GIVEN DATA =>
◆ ◆ ◆

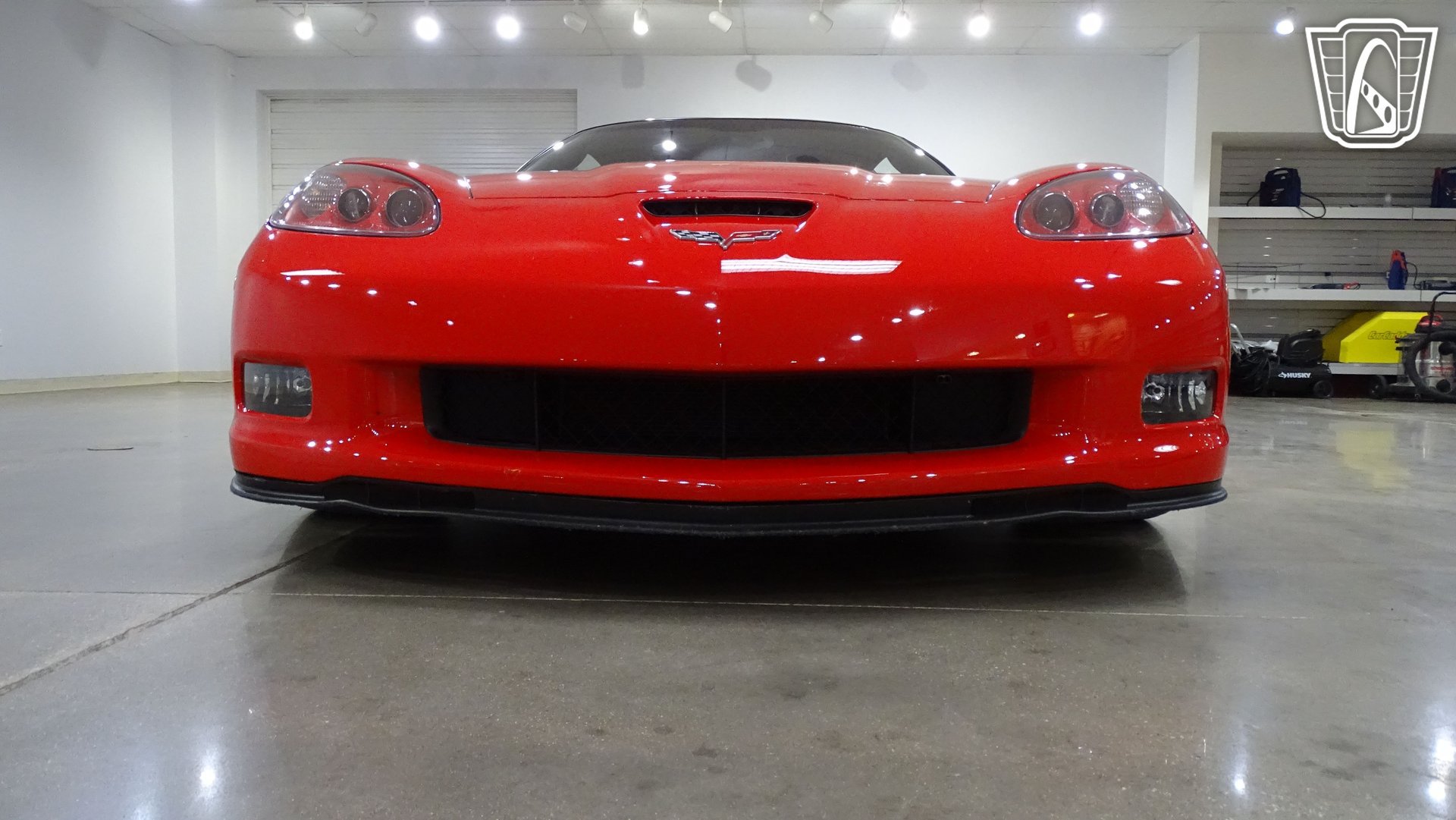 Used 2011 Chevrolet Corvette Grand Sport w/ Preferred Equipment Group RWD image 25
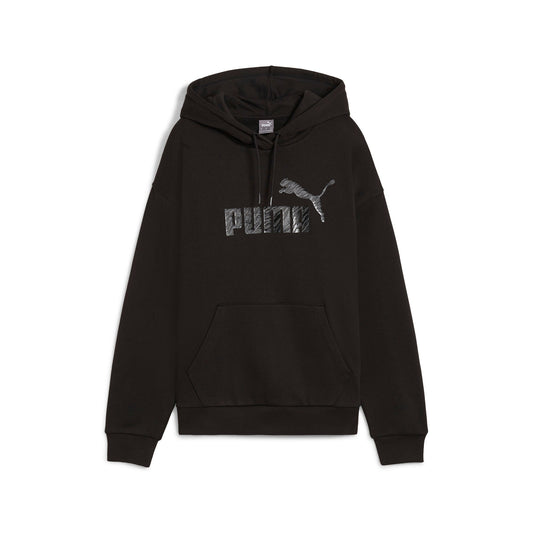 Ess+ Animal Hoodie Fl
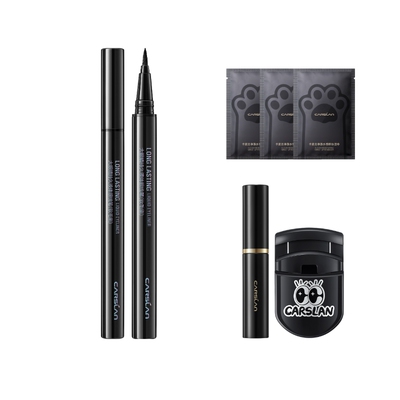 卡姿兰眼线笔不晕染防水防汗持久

◆ ◆ ◆

PROBLEM STATEMENT => Write out the whole listing exactly, and drop the pictures.

TASK ANSWER =>
 Used 2011 Chevrolet Corvette Grand Sport w/ Preferred Equipment Group RWD image 25
 Ess+ Animal Hoodie Fl
 卡姿兰眼线笔不晕染防水防汗持久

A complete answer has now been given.